Exercise requirements:
Please print the line that holds "Chacos Size 8" and each line after it to the end of the data, word for word, without any pictures.

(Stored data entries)
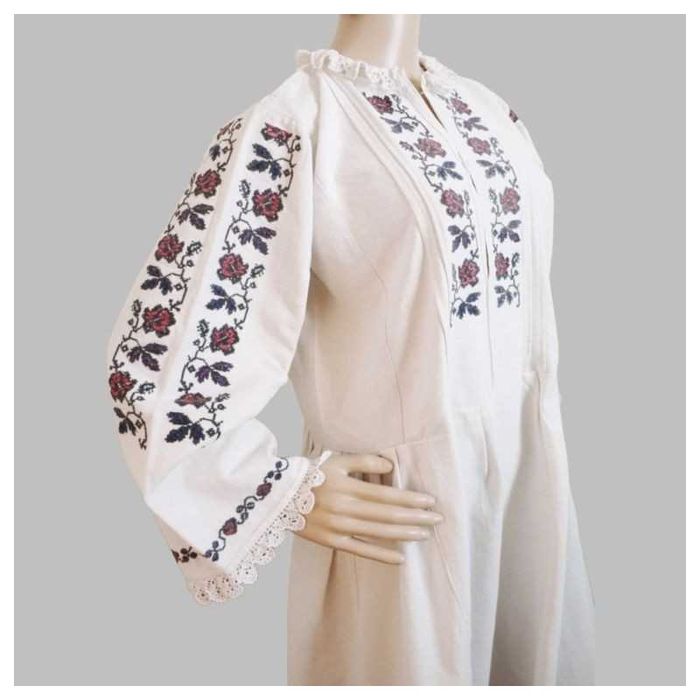 Rochie traditionala veche , ie traditionala din Banat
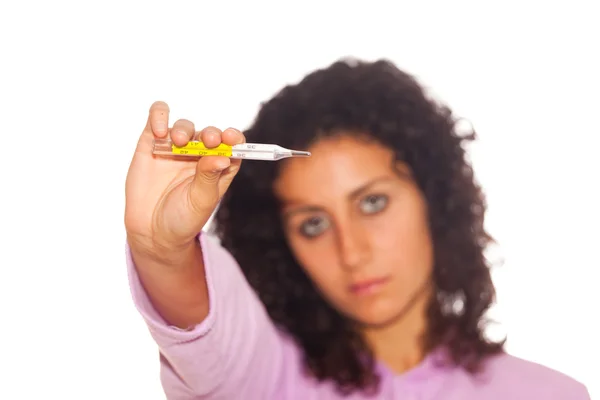 Ung sjuk kvinna ser att termometern — Stockfoto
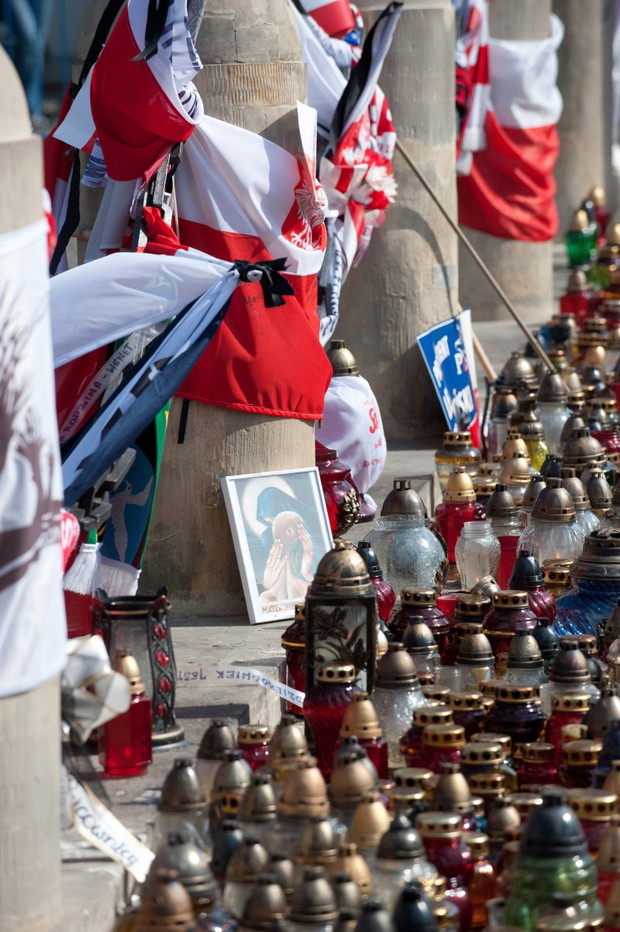 Ceremonia pogrzebowa pary prezydenckiej - zdjęcie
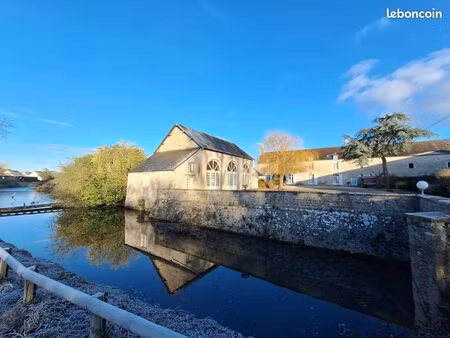 propriété 11 pièces 369 m²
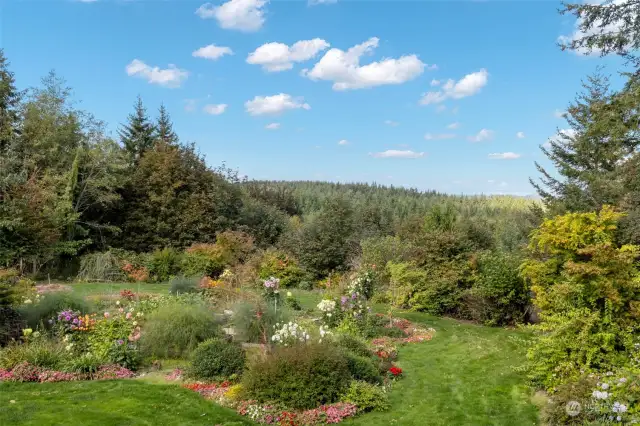 Views!!!  Colorful garden!  Valley view!  Water view!  Mountain view!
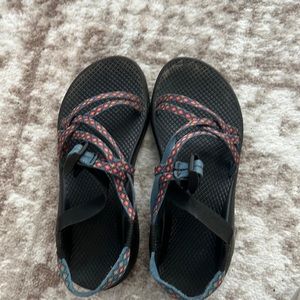 Chacos Size 8
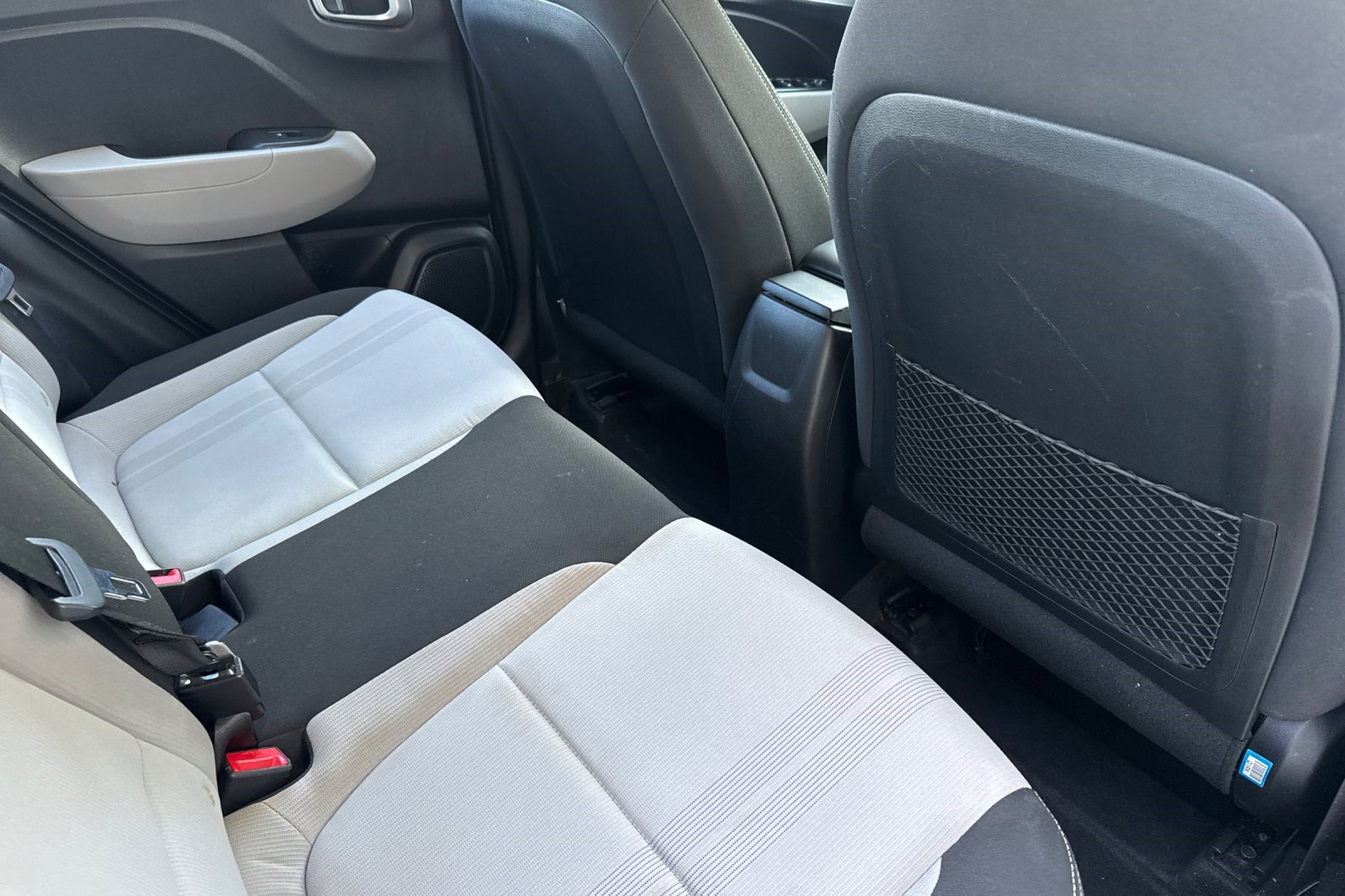 Used 2021 Hyundai Venue SEL FWD image 29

Written answer:
 Chacos Size 8
 Used 2021 Hyundai Venue SEL FWD image 29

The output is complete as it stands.